1st Movement: This comes in with a fairly brisk moderato; the woodwind and brass being particularly well recorded with beautiful expressive playing. At the start of the scond section of this movement there is a real sense of foreboding with very low horns over the rhythmic low piano. The martial part after the build-up has very sharp staccato trumpets and a menacing snare drum, and this section builds up into a real frenzy with the Czech Phil brass on top form. It all slows down as we enter the big orchestral unison which culminates in a good tam-tam stroke. The tricky flute / horn duet which comes next has a rather unfortunate vibrato flute followed by a similarly wobbly oboe and it's all a bit too fast but it slows down before the second flute subject and the return of the opening string calls with nicely tinkling celeste.
2nd Movement: This Mahlerian piece (a kind of Landler) again highlights the superb woodwind playing - especially the reedy woods. The 3/4 rhythm is kept very tight by Ancerl and the tempo is just right. The solo violin/harp section fiollowed by the flute/bassoon/harp is beautiful and sparkling. I like the way the percussion is balanced so well in this recording being neither too forward nor hidden at the back.
3rd Movement: Possibly Shostakovich's most beautiful and searching symphonic movement, this - marked Largo - is much slower than anything we've heard thus far. The Czech Phil strings put their heart and soul into it and the first big crescendo at 4.5 minutes in is superb. Then the searching oboe over tremolo violins is very beautifully played, as is the clarinet that takes it up later. The descending tremolo scale leads to a sad low string chorale brfore the flutes take on the tune with a tiny tinkling celeste / glockenspiel. Low woodwinds reiterate the opening theme before the strings join in to take us to the big climax. It's a little on the quicker side of largo and I hear no hammering 'tremolo' piano chords - whether Ancerl omits these or whether they are recorded too far back I don't know, but the 'wall of sound' effect is slightly lacking here. Towards the end of this movement the harp is again beautifully recorded; an important but often undervalued instrument as is the celeste, played at the lower end of it's register here towards the end of the movement.
4th movement: The big martial opening to this movement with it's bashing timpani and brass fanfares has a constant pace and does not speed up seconds into the movement (thankfully). The tempo only picks up more as we head towards the end of this whole section and another tam-tam crash with thumping doubled timpani, and here in this percussive section there is no exaggerated slow-down either. The central section of the movement is quite brisk with more of that lovely woodwind and you really can hear detail in these quieter passages. The entry of the snare drum and quiet timpani in the final section is again taken quite briskly so no need to speed up anywhere in this section as it builds in volume and intensity and it keeps at this pace right through the 5 bass drum hits and only slows down during the snare drum roll crescendo after which we are sent straight back to the initial tempo of the movement. In the final bar or two, Ancerl slows us down to the last thud.
So that's that for part 1. In part 2, I'll look at the 2005 Kitajenko recording on Capriccio.


----------



## techniquest (Aug 3, 2012)

Shostakovich 5-athon part 2: Gurzenich-Orchester Koln / Dmitri Kitajenko, Capriccio complete symphonies box set,2005.
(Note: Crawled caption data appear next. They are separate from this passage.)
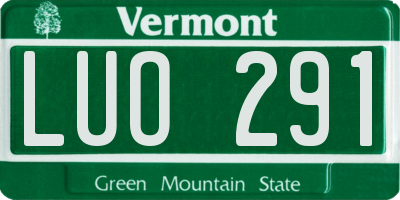 VT license plate LUO291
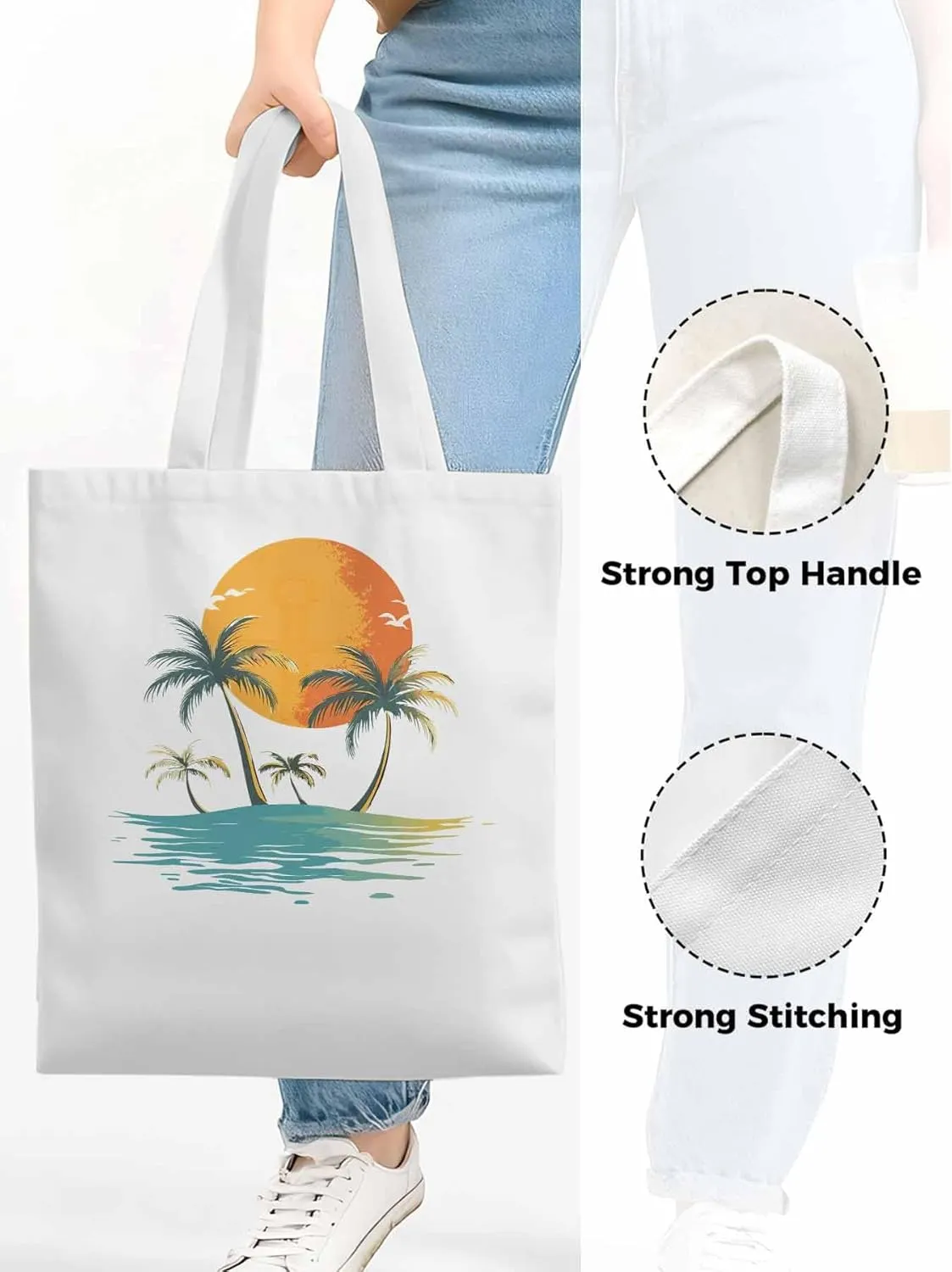 Canvas Tote Bag, Ocean Coconut Tree Orange Sun Beach patterned Canvas Tote Handbags for Women Shoulder Bag,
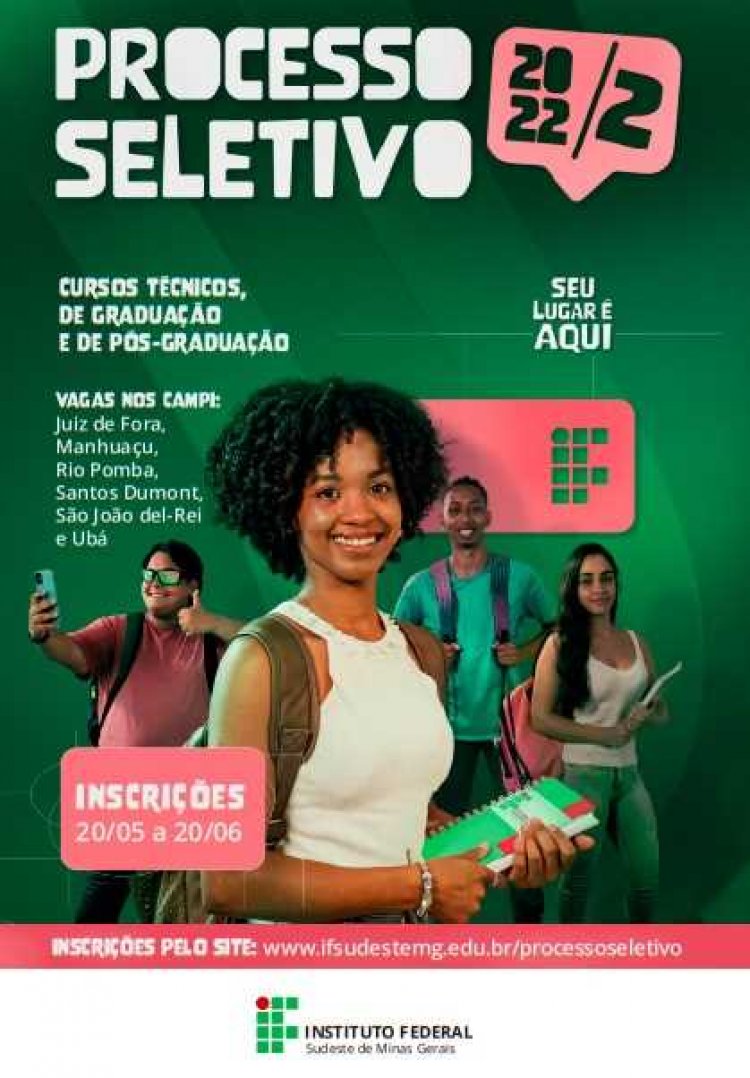 IF Sudeste Ubá abre inscrições para Processo Seletivo 2022/2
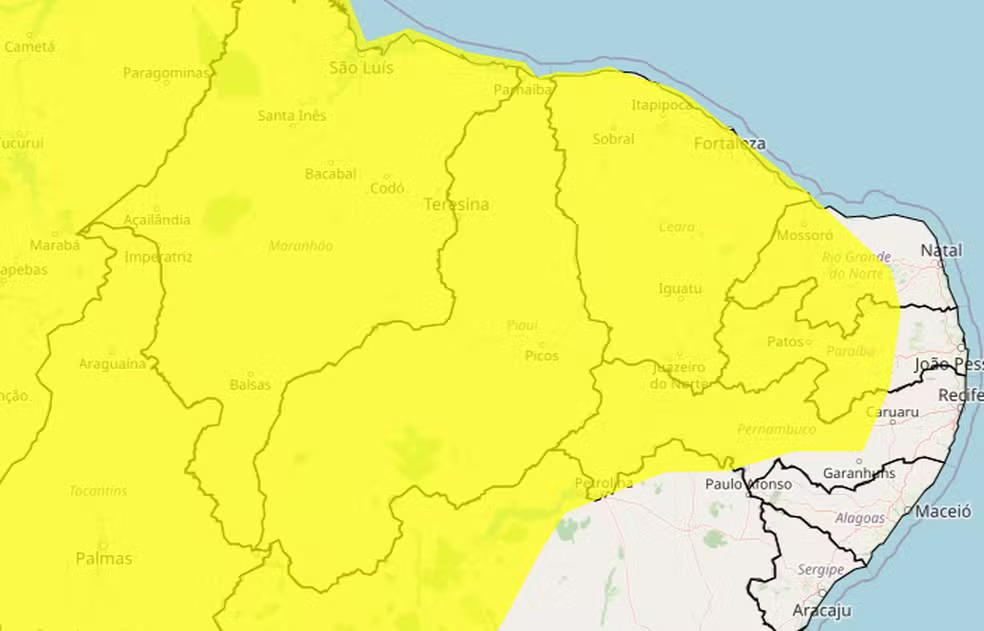 O Piauí segue em alerta amarelo, com risco potencial de chuvas intensas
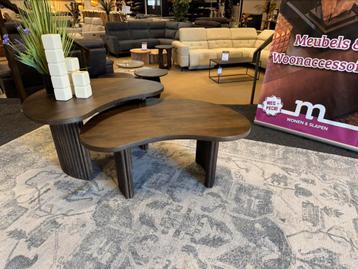 Salontafel Organisch 2-delig Bruin mangohout 30% KORTING beschikbaar voor biedingen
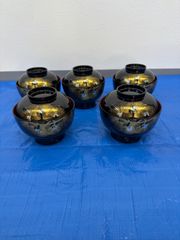 会津塗 漆器 金彩 蒔絵 桜鈴紋 お吸物椀 雑煮椀 汁椀 お椀 5客 未使用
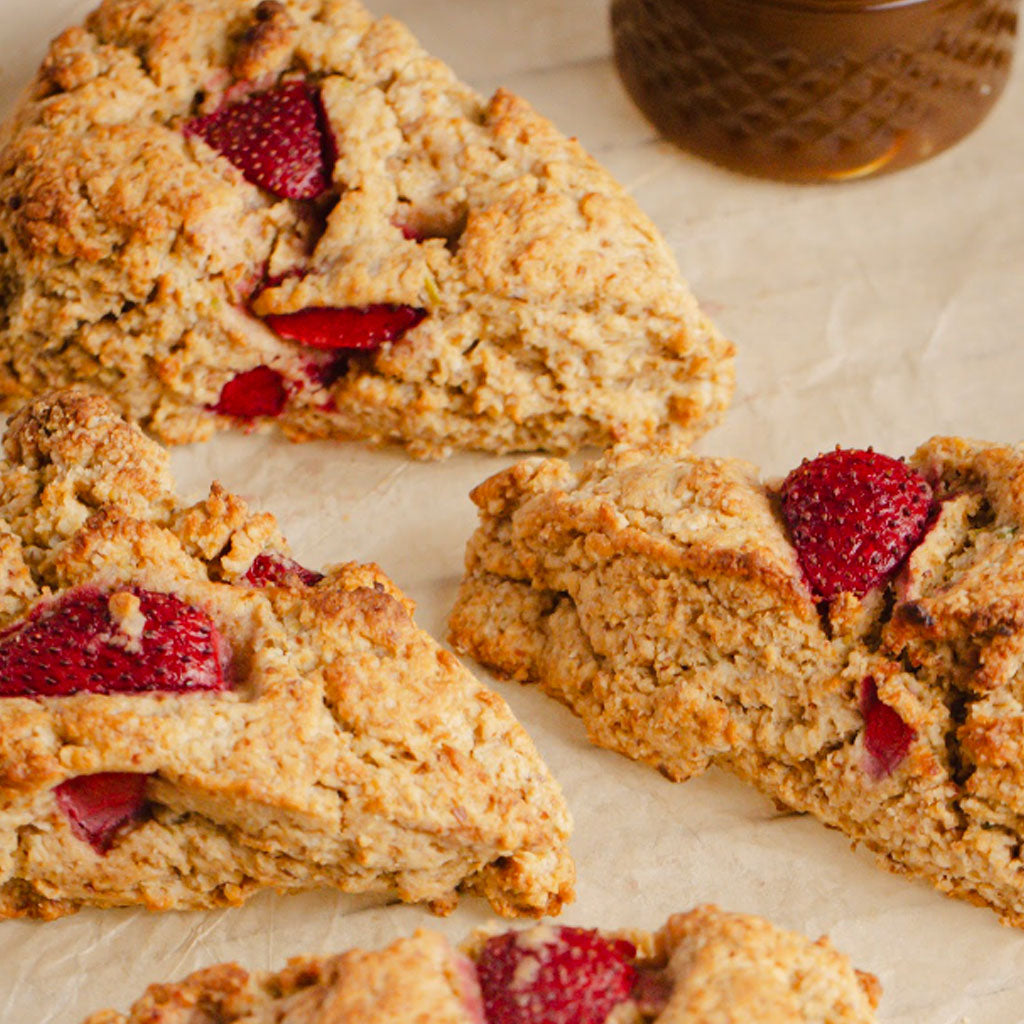 Berry scones with toffee sauce
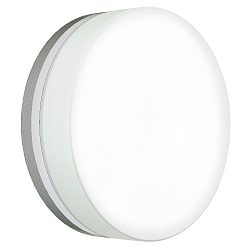 Udend�rs LED V�g- og Loftlampe Type nr. 6308, IP65, � 25cm, 24W 3000K 2400lm, s�lv matt / Glas opal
1st Movement: At 16:32, this is over 2 minutes longer than the Ancerl rendition and the initial section of the movement certainly feels a lot slower. In this section, the stabbing 3-note chords before the strings repeat the opening phrase sound exaggeratedly dissonant. Nice as they are, the woodwinds don't sound as crisp and precise as the Czech Philharmonic, but there is heavier piano at the start of the second section though the low horns lack the sense of foreboding. Here the tempo is around the same as Ancerl and the recorded sound is excellent. At the cymbal crash (prior to which there is a marked speed-up) the pace is definitely martial and the brass build-up after this is really frightening - the state-of-the-art digital recording shines here. The orchestral unison passage is much slower and heavier than Ancerl and the orchestra boast a bigger, deeper, heavier tam-tam. The quiet flute/horn section that follows now sounds hurried but it slows down when the clarinet enters; in fact the whole movement gets slower and slower until the low flute over low strings brings the movement to a close.
2nd Movement: This movement opens with punching low strings at about the same speed as Ancerl (there's just 10 seconds difference in the overall timing of the movement). Maybe the 3/4 timing doesn't feel as precise and 'dance-like' as Ancerl, but it is a well-played movement and the pizzicato strings/bassoons are recorded brilliantly, though the xylophone is weak.
3rd Movement: The Largo is over a minute longer in this recording and the opening has none of the emotion inherent in the Ancerl version despite the spot-on playing. The first crescendo offers more feeling though and the oboe solo is beautiful against very quiet tremolo violins - infact this whole section is really delicately done. The build to the big climax is held deliberately at the same tempo as what had preceded it (there is a temptation to speed up here) and the hammering 'tremolo' piano really sears through like a huge warning cry. In this recording, you really notice the change to major chords at the end.
4th movement: The opening fanfare isn't too fast, but it rapidly speeds up for the main theme which is a shame. However it's not too rushed and i soon got used to the pace which is actually very similar to Ancerl. But it gets faster - frantic in fact - and sounds really good but the collapse of this to the tam-tam and hammered timpani is really weak. The quieter section that follows is really nice with brass chorales kept hushed while the rocking string motif keeps things gently moving. The entrance of the snare drum over timpani and low snarling brass is very slow - just how I like this section. The pace is kept very precise right up to the bass drum hits, then right through the horn and trumpet calls and right through snare drum roll but loses it at the cymbal crash when it suddenly gets far too fast. So it goes until those final couple of bars when it brakes to a halt.
That's it for part 2; next I'll be discussing the WDR Symphony Orchestra / Barshai recording.


----------



## techniquest (Aug 3, 2012)

Shostakovich 5-athon part 3: WDR Sinfonie Orchestra / Ralph Barshai, Brilliant Classics complete symphonies bargain set, 1995/6.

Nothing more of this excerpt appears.